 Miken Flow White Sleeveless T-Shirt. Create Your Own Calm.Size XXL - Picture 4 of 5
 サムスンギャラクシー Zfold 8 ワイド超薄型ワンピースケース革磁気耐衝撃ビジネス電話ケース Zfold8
--
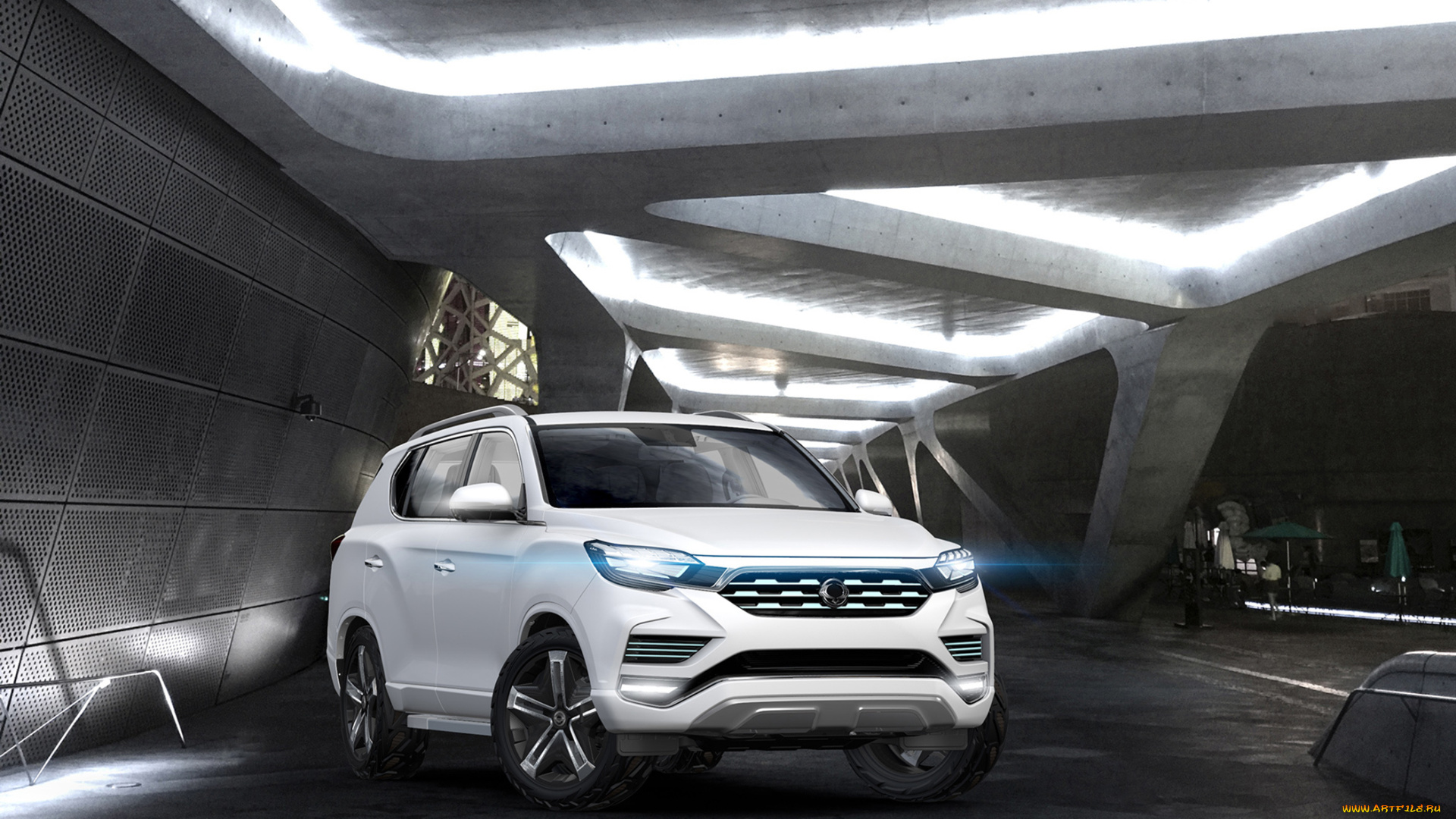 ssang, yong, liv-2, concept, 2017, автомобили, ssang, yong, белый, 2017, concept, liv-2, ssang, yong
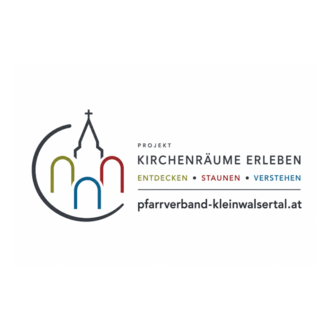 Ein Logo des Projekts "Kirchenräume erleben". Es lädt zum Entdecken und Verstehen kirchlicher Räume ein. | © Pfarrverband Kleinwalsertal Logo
...
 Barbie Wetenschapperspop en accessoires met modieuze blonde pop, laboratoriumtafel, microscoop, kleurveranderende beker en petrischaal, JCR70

About this exercise
Reproduce the entries above exactly, but only the lines between the line holding "Miken Flow White" and the line holding "サムスンギャラクシー Zfold 8", inclusive.

The completed task
 Miken Flow White Sleeveless T-Shirt. Create Your Own Calm.Size XXL - Picture 4 of 5
 サムスンギャラクシー Zfold 8 ワイド超薄型ワンピースケース革磁気耐衝撃ビジネス電話ケース Zfold8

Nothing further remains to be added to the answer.